Cette expression fondamentale du monothéisme sinaïtique renferme les deux piliers de toute spiritualité humaine, à savoir
- le discernement métaphysique d’une part et
- la concentration contemplative d’autre part ;
- la doctrine et la méthode, ou
- la vérité et la voie.
- premièrement « s’unir à Dieu» dans le coeur,
- deuxièmement « contempler Dieu » dans l’âme,
- et troisièmement «opérer en Dieu » avec les mains et par le corps (1).
L’Évangile donne de la sentence sinaïtique une version légèrement modifiée, en ce sens qu’il rend explicite un élément qui dans la Thora était implicite, à savoir la « pensée » ; ce terme se trouve dans les trois Evangiles synoptiques, tandis que l’élément « force » ne se retrouve que dans les versions de Marc et de Luc (2), ce qui indique peut-être un certain changement d’accent ou de perspective par rapport à l’ « Ancienne Loi » l’élément. « pensée » se détache de l’élément « âme » et gagne en importance sur l’élément « force », lequel concerne les oeuvres ; il y a là comme le signe d’une tendance à l’intériorisation de l’activité.

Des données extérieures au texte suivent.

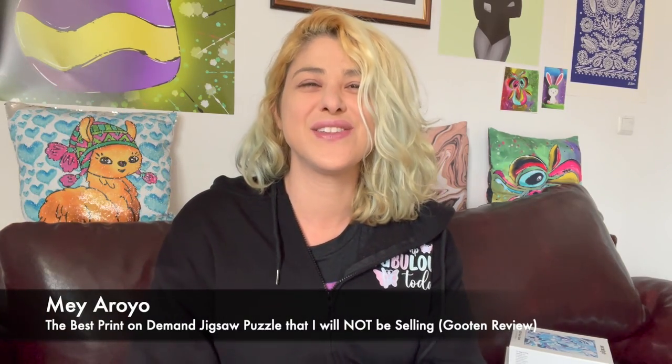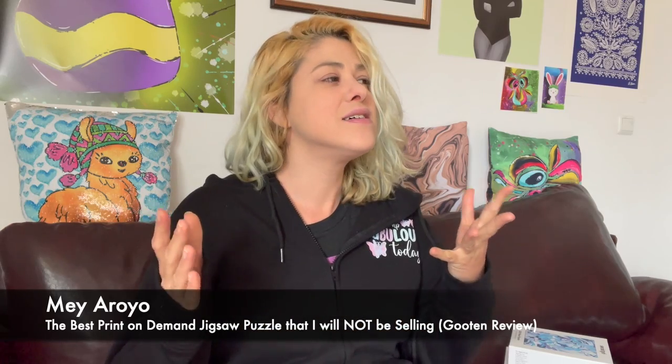Hi everyone, welcome back to my channel. My name is Maya, and I'm going to teach creative people how to sell their art online. Today, like many other days, I'm all about print-on-demand jigsaw puzzles.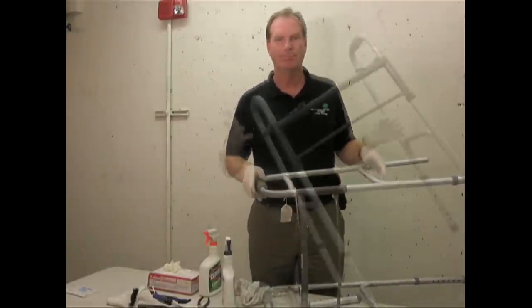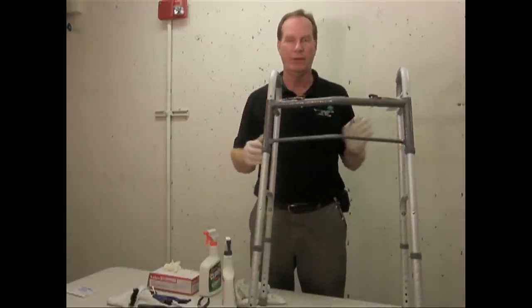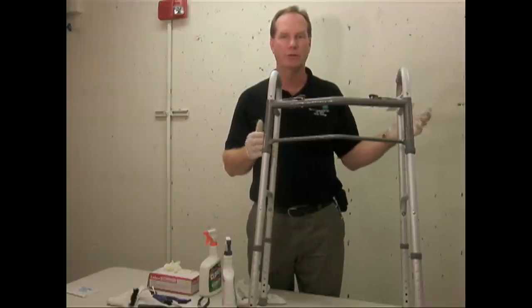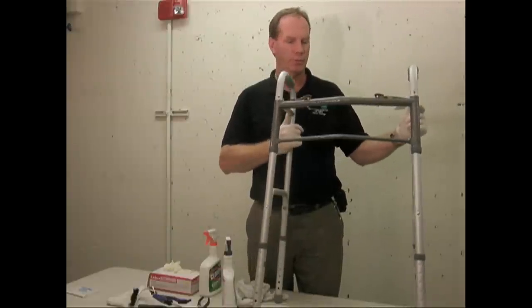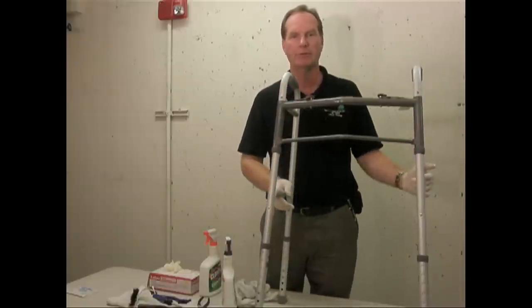Now that the walker is all reassembled and perfectly clean, you want to make sure you keep it in an area that's separate from any other dirty objects so there's no cross contamination. The best way is to cover it with a plastic bag — put it right over the top to keep the dust off and keep the germs off.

En d’autres termes : alors que pour la Thora l’ « âme » est à la fois active ou opérative et passive ou contemplative, l’Évangile semble appeler « âme» l’élément passif contemplatif, et « pensée » l’élément actif opératif ; on peut supposer que c’est pour marquer la précellence de l’activité intérieure sur les oeuvres extérieures.
L’élément « force » ou « oeuvres » semble donc avoir dans le Christianisme un autre accent que dans le Judaïsme : dans celui-ci, la « pensée » est en quelque sorte la concomitance intérieure de l’observance extérieure, tandis que dans le Christianisme les oeuvres apparaissent plutôt comme l’extériorisation, ou la confirmation externe, de l’activité de l’âme.
Les Juifs contestent la légitimité et l’efficacité de cette intériorisation relative (3) ; inversement, les Chrétiens croient volontiers que la complication des prescriptions extérieures (mitsvoth) nuit aux vertus intérieures (4) ; en réalité, s’il est vrai que la « lettre » peut tuer 1’ « esprit », il n’est pas moins vrai que le sentimentalisme peut tuer la « lettre », abstraction faite de ce qu’aucun défaut spirituel n’est l’apanage exclusif d’une religion.
En tout état de cause, la raison suffisante d’une religion est précisément de mettre l’accent sur une possibilité spirituelle déterminée ; celle-ci sera le cadre des possibilités apparemment exclues, dans la mesure où ces dernières seront appelées à se réaliser, si bien que nous rencontrons forcément dans chaque religion des éléments qui semblent être les reflets des autres religions.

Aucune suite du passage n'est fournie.